Mehr als eine Stunde lang scheint in Suzus Ecke der Welt der größte Schrecken die kratzbürstige Schwester des Gatten zu sein. Der Film lässt sich Zeit für das Speisen, das Einkaufen, das Kochen; für das Nähen eines Kimono, das Suzu von Keiko, der Schwägerin, lernt. Ganz shomingekihaft, also nahe am Alltag, nichts Großes geschieht, dem Kleinen widmet der Film in liebevollem Detail seine Aufmerksamkeit. Der Film lässt sich Zeit und hat doch ein beachtliches Tempo. Nicht immer kommt man ganz mit. Moment, wer war das noch? Wie kam es hierzu? Und dazu? Zu zersplittert ist Suzus Blick, Einzelheiten sieht sie genau, mancher Zusammenhang bleibt ihr verborgen.

Und doch ist die Unschuld von der ersten Einblendung eines Datums an schon verloren. In recht rascher Folge ziehen die Jahre, dann die Monate, dann die Wochen, dann die Tage vorbei, immer in Datumseinblendungen, immer steht das Alter Suzus in Klammern dabei. Und alles läuft, ob man will oder nicht, auf den 6. August 1945 zu, das Datum, mit dem Hiroschima verbunden ist und für immer verbunden sein wird: den Tag der Atombombenexplosion. Sie kommt, sie wird kommen, sie muss kommen. Von Kure aus: Nur ein Blitz, die Druckwelle richtet kaum etwas an, eine ambossförmige Wolke steigt auf.

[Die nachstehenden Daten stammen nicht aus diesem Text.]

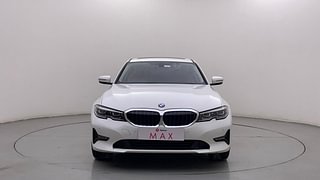 Used 2022 BMW 3 Series 330i Sport Petrol Automatic exterior FRONT VIEW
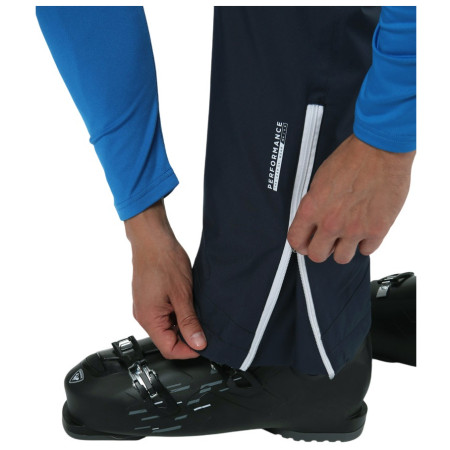 Pantaloni da sci da uomo Loap Febon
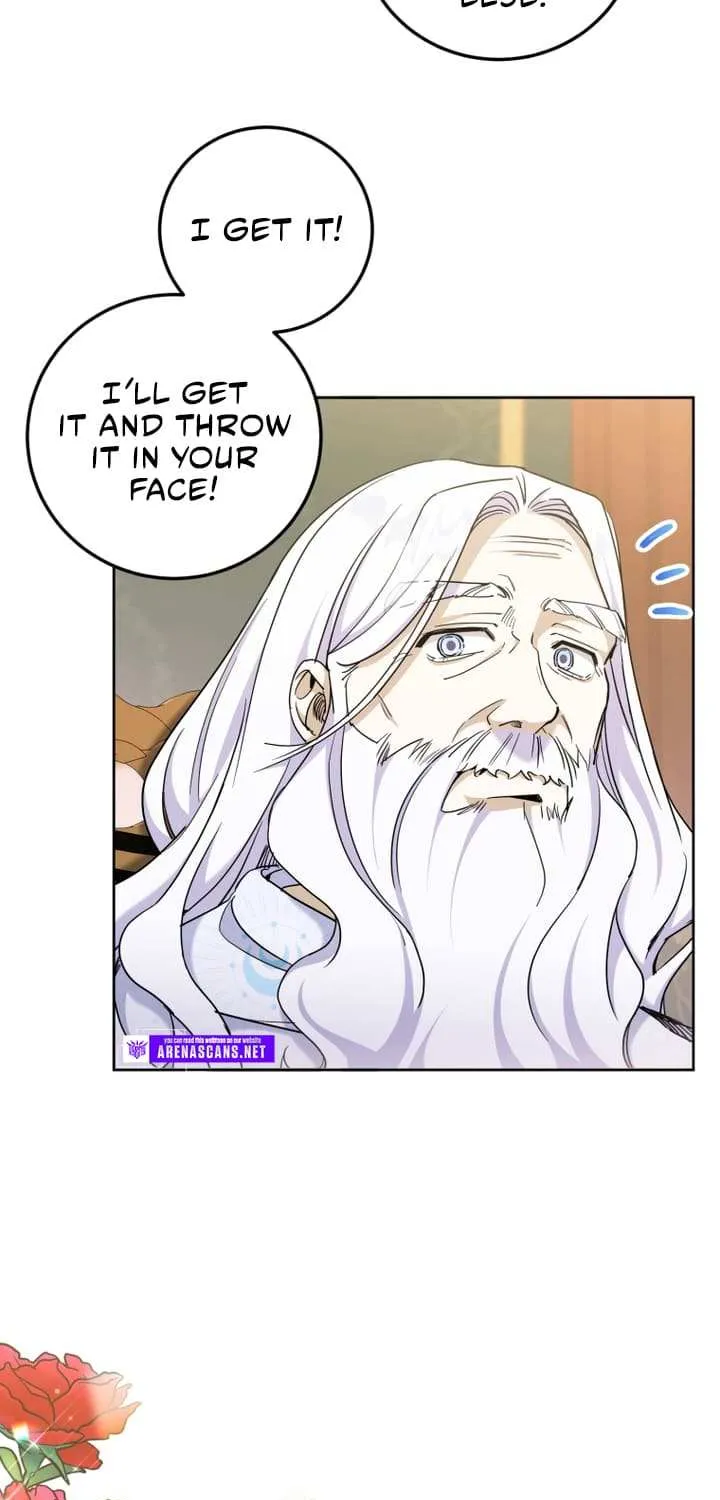 Read The Princess Is Evil chapter 84 image 59 on Lezhin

Viel Verheerung schon vorher. Suzu ist unterwegs mit ihrer kleinen Nichte, Hand in Hand, ein Mann ruft ihr noch zu, das sei gefährlich da wegen der Blindgänger, jederzeit könnten sie in die Luft gehen. Und dann geht eine in die Luft. Alles wird schwarz. Die Darstellung ist zu Tode erschüttert, vibriert, nichts als Strichmädchen, weiße Krakellinien auf schwarzem Grund, sind das, was in diesem Moment bleibt. Die Nichte ist tot, Suzu verliert ihre rechte Hand und erinnert sich an das, was sie in den letzten Tagen, Wochen, Monaten, Jahren mit ihr tat. Sie kann nicht mehr zeichnen.

Nach der Bombe: Einer sitzt da, in einer Hausecke, grau in grau, Kapuze über dem Gesicht. Dann ist er weg. Nur ein Schatten noch, eine Schraffur, als Spur von einem, der lebte, nun ausgelöscht ist.